-------- Task material --------
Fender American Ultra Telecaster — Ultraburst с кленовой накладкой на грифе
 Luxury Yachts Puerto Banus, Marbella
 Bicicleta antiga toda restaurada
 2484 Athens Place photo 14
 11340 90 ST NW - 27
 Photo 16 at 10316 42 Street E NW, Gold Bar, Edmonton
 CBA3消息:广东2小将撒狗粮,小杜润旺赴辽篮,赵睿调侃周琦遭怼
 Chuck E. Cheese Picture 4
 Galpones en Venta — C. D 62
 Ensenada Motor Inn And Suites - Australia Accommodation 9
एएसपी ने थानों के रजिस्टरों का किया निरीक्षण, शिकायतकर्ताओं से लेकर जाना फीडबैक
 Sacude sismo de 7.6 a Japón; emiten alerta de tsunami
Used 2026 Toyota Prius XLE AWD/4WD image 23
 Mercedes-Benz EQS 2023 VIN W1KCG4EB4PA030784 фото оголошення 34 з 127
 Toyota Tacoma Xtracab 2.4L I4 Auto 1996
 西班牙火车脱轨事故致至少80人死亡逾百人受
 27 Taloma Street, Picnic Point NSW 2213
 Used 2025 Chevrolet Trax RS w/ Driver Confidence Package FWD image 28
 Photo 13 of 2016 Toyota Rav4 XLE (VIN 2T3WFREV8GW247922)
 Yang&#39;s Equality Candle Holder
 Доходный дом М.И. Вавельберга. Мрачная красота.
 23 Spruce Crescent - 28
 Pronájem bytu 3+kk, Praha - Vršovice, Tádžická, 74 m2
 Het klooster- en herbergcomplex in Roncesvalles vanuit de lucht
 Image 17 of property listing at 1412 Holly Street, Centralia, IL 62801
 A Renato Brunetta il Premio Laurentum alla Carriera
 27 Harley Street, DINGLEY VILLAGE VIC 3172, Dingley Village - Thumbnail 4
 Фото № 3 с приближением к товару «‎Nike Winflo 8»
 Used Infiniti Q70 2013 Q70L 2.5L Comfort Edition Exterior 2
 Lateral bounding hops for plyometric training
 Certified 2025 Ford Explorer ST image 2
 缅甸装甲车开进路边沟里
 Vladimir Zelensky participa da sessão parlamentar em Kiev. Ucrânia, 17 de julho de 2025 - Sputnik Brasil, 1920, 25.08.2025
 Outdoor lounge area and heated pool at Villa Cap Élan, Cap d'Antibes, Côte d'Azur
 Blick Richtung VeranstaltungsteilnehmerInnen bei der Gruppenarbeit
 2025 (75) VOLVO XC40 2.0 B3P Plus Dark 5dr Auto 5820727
--------
What is needed -
Beginning with the line that contains "缅甸装甲车开进路边沟里", each line of the records above through the last one must be printed word for word.

Solution -
 缅甸装甲车开进路边沟里
 Vladimir Zelensky participa da sessão parlamentar em Kiev. Ucrânia, 17 de julho de 2025 - Sputnik Brasil, 1920, 25.08.2025
 Outdoor lounge area and heated pool at Villa Cap Élan, Cap d'Antibes, Côte d'Azur
 Blick Richtung VeranstaltungsteilnehmerInnen bei der Gruppenarbeit
 2025 (75) VOLVO XC40 2.0 B3P Plus Dark 5dr Auto 5820727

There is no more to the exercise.